REPORTAGE – Ce projet pharaonique du promoteur endetté Country Garden symbolise la crise immobilière en Chine
Envoyé spécial à Johor Barhu (Malaisie)
Les tours de 35 étages s’élèvent au-dessus de la forêt équatoriale, tel un rempart de béton surplombant les cocotiers camouflant la plage déserte. Sur les balcons, une végétation luxuriante déborde, donnant de faux airs de jardins suspendus de Babylone face au détroit de Malacca. A l’horizon, de lourds porte-conteneurs défilent en silence, tels des automates miniatures. Au pied du plus haut gratte-ciel du complexe, un groom tout de blanc vêtu, en livrée rouge, accueille les rares visiteurs avec un sourire jovial. Bienvenue à Forest City ! Plus de 50 000 personnes y vivent déjà » dit l’homme à la peau sombre. Un belvédère vertigineux de verre et d’acier aux lignes arrondies, dominant l’une des routes maritimes les plus stratégiques de la planète.

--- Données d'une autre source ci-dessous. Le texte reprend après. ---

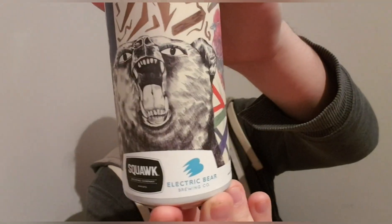Hello and welcome back to another beer review. I'm Ben the Beer Lad, and today is day 15 of my advent calendar. This one is a beer — or a company — that I haven't done in a while, and it's a collaboration: Squawk and Electric Bear.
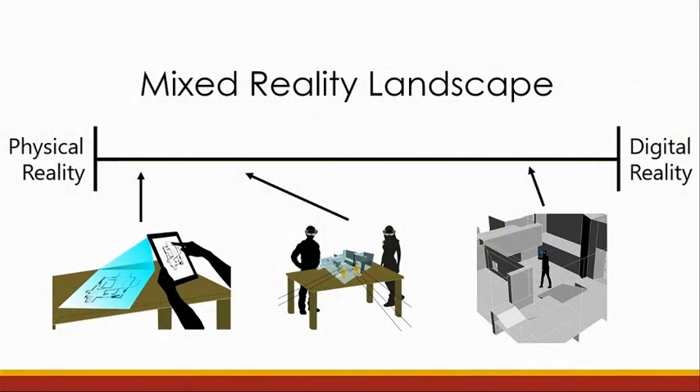Over the development and design of our application, we realized that the solution we developed exists at different points of the mixed reality landscape, or spectrum. We can also say that our application provides a bridge between these different points in the landscape and their different affordances.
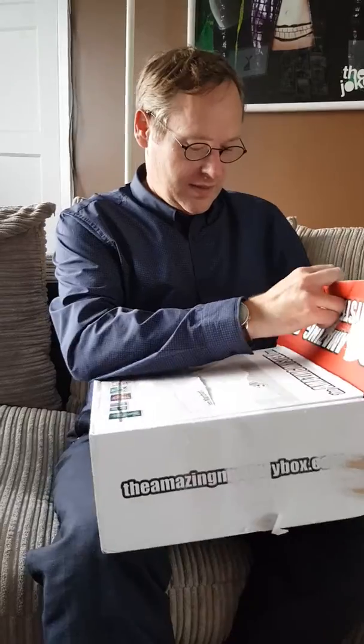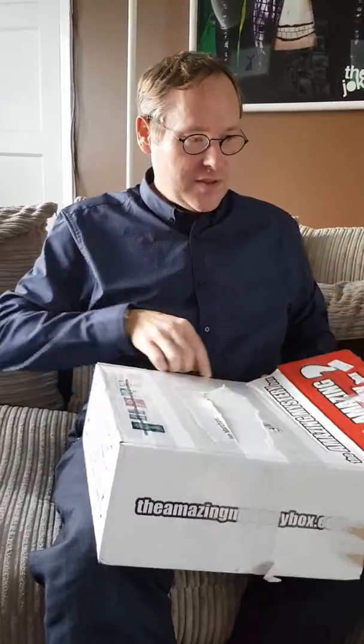Well, this is September's Doctor Who mystery box. It's quite a heavy one, so let's see what's in it. I've got to actually cut the sides - perhaps a little bit of a mistake.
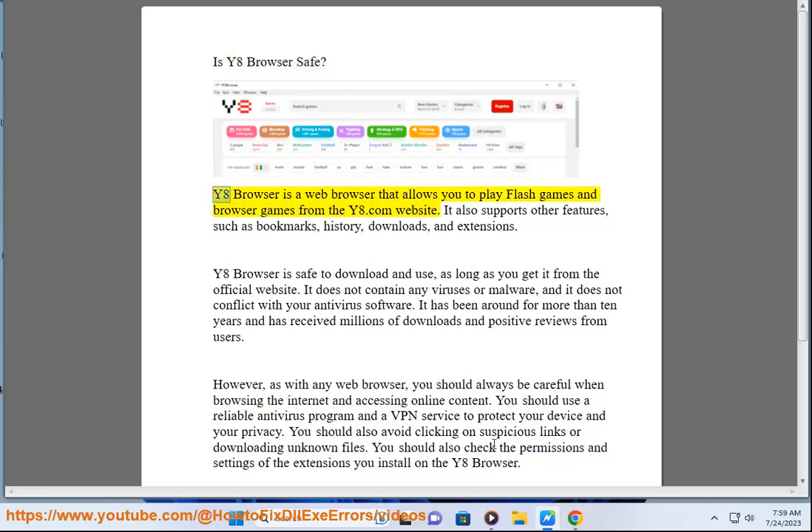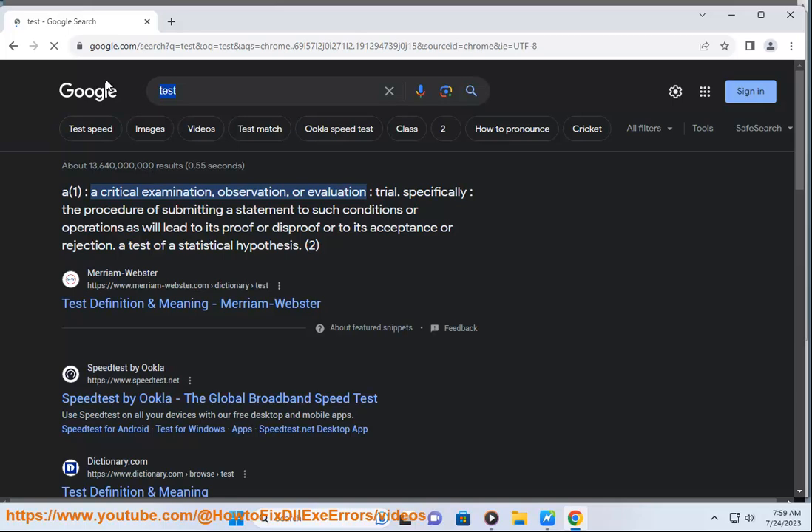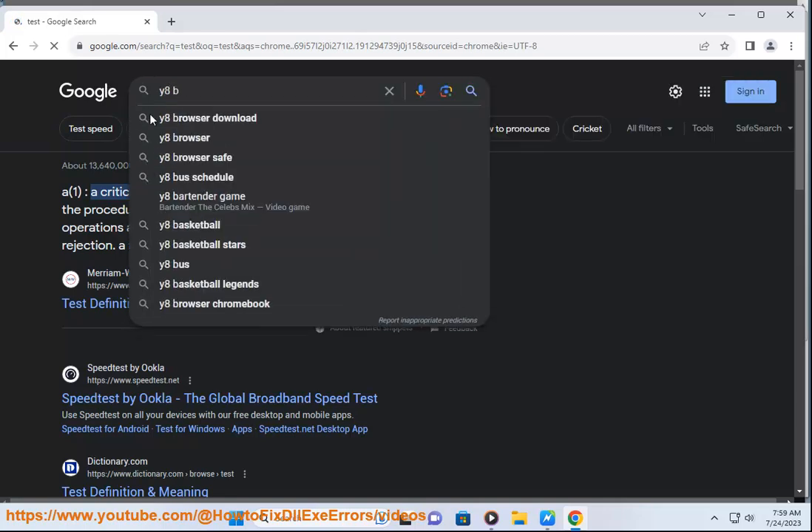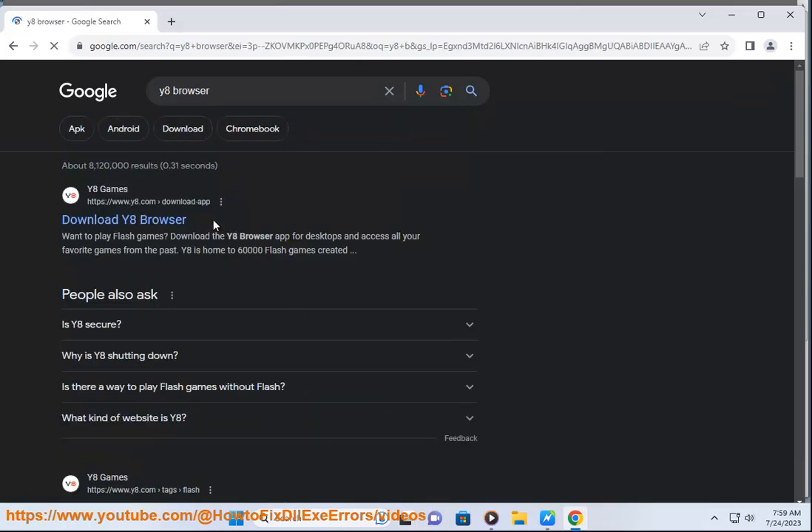Is Y8 Browser safe? Y8 Browser is a web browser that allows you to play Flash games and browser games from the Y8.com website. It also supports other features, such as bookmarks, history, downloads, and extensions.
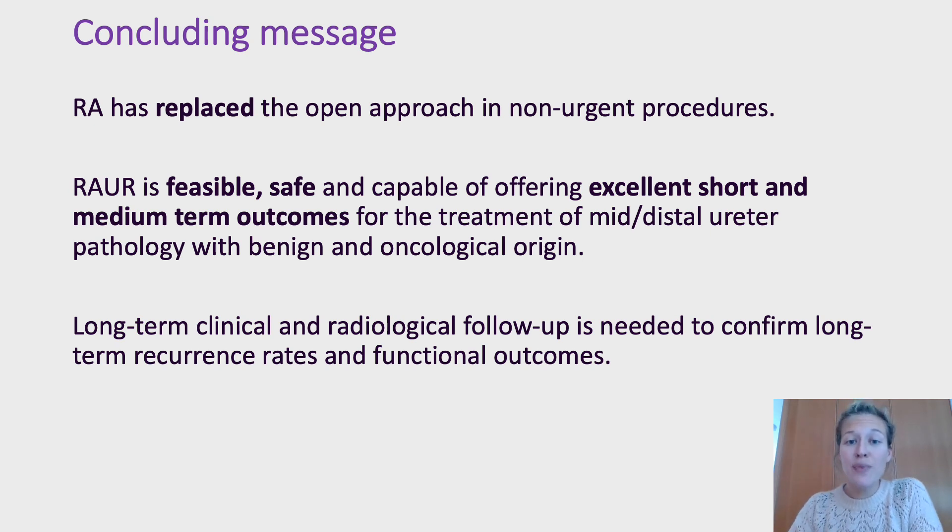As concluding messages, robotic-assisted ureteral reimplantation for the treatment of mid- and distal ureteral pathology is feasible, safe, and capable of offering excellent short and medium-term outcomes. At our institution, the robotic approach has completely replaced the open approach in non-urgent procedures, but long-term clinical and radiological follow-up is needed to confirm long-term recurrence rates and functional outcomes. Thank you for listening.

» As-tu trouvé quelqu’un à qui parler ? » demande Fariz, un Singapourien venu avec sa femme visiter le complexe, à la recherche d’une adresse pas chère en Malaisie. Ce » ville intelligente du futur » est un » bel endroit où vivre » proclame un panneau à l’entrée du gigantesque hall translucide protégeant l’espace commercial du projet pharaonique de Country Garden, le promoteur chinois en péril. La ville nouvelle qui ambitionne d’accueillir 700 000 habitants d’ici 2035, en proposant des condominiums haut de gamme est déserte. Seuls 15% du projet ont été construits depuis son lancement en 2016, donnant au chantier des allures de ville fantôme oubliée dans un décor paradisiaque.
« Oasis verte »
Une imposante maquette révèle l’ampleur de cette « oasis verte », estimée à 100 milliards de dollars, qui se profilait comme une vitrine haut de gamme des « nouvelles routes de la soie » de la Chine du président Xi Jinping, au cœur de l’Asie du Sud-Est. Plus de 20 kilomètres carrés construits sur quatre îles artificielles, à la pointe sud de la Malaisie, défiant Singapour toute proche, visibles à l’œil nu, à seulement 2 km, de l’autre côté du détroit de Johor. Le pont rejoignant le pôle financier asiatique est à 20 minutes en bus.
Dans les allées du centre commercial, les volets en fer sont baissés sur les façades de la plupart des boutiques, à l’exception de quelques restaurants et d’une banque CIMB. A l’intérieur, une employée dort le visage écrasé sur un coussin, à même le comptoir. Elle se réveille en sursaut : « Excusez-moi ! Nous n’avons pas beaucoup de clients. Il y a quelques locaux ici, principalement des Chinois, ainsi que quelques Japonais et Coréens. « , bâille la jeune femme couverte d’un voile islamique. Une rare famille chinoise entoure sa petite fille dans une voiture télécommandée zigzaguant dans les ruelles désertes. Les quelques passants croisés sont des visiteurs venus explorer cette étrange cathédrale urbaine, devenue récemment le décor d’une série Netflix à succès en Malaisie. « « Nous faisons du tourisme urbain en désordre », s’écrie Andy ((surnom), jeune Singapourien en excursion. J’ai toujours rêvé de visiter une ville fantôme. L’ambiance est dystopique ! » s’enthousiasme le jeune homme.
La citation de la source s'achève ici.